George Baker

Personal information
- Full name: George Dashwood Baker
- Born: 4 March 1849 Compton Martin, Somerset, England
- Died: 21 December 1879 (aged 30) Ayot St Lawrence, Hertfordshire, England
- Batting: Right-handed
- Bowling: Right-arm fast

Domestic team information
- 1872: Middlesex

Career statistics
| Competition | First-class |
| Matches | 1 |
| Runs scored | 5 |
| Batting average | 2.50 |
| 100s/50s | –/– |
| Top score | 5 |
| Balls bowled | – |
| Wickets | – |
| Bowling average | – |
| 5 wickets in innings | – |
| 10 wickets in match | – |
| Best bowling | – |
| Catches/stumpings | 2/– |
- Source: Cricinfo, 23 January 2013

= George Baker (cricketer, born 1849) =

English cricketer

George Dashwood Baker (4 March 1849 – 21 December 1879) was an English cricketer. Baker was a right-handed batsman who bowled right-arm fast. He was born at Compton Martin, Somerset.
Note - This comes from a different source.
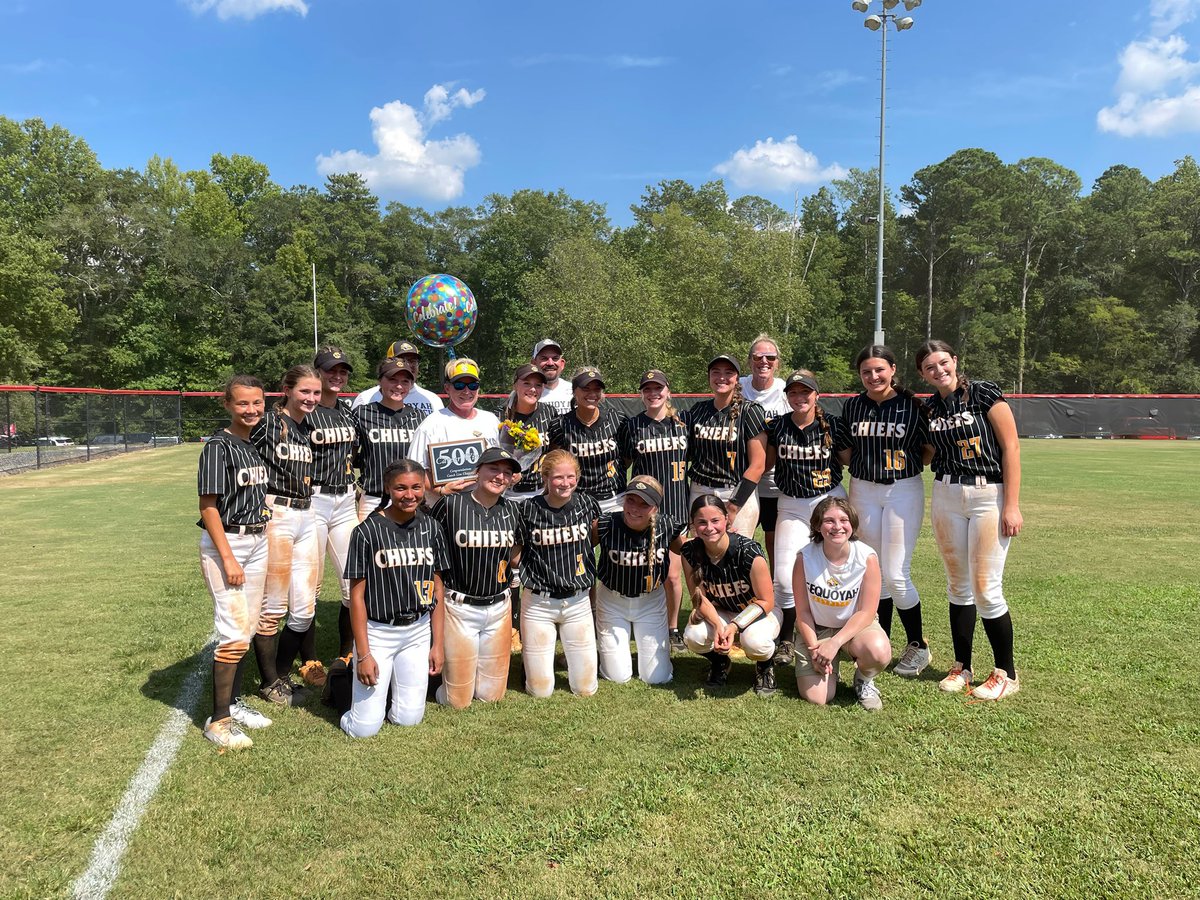 OliviaPower2025's tweet photo. GADC Tournament was a success! We went 3-0 on the weekend, and were able to celebrate Coach Chapmans 500th career win! 🖤🤍💛 @chiefssequoyah1 @howiemackz @coachryancarver @GAP_Mccormack @TTU_Softball @daniellepenner @MarcKKendrick @sammimiller11 https://t.co/4DOuwFmQ5J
Educated at Rugby School before attending University College, Oxford, Baker later made a single first-class appearance for Middlesex against Oxford University in 1872 at the Prince's Cricket Ground, Chelsea. In Middlesex's first-innings of 250, Baker was dismissed for 5 runs by Samuel Butler, while in their second-innings of 277 he was dismissed by Arthur Ridley. His only first-class appearance ended in a draw.

He died at Ayot St Lawrence, Hertfordshire on 21 December 1879.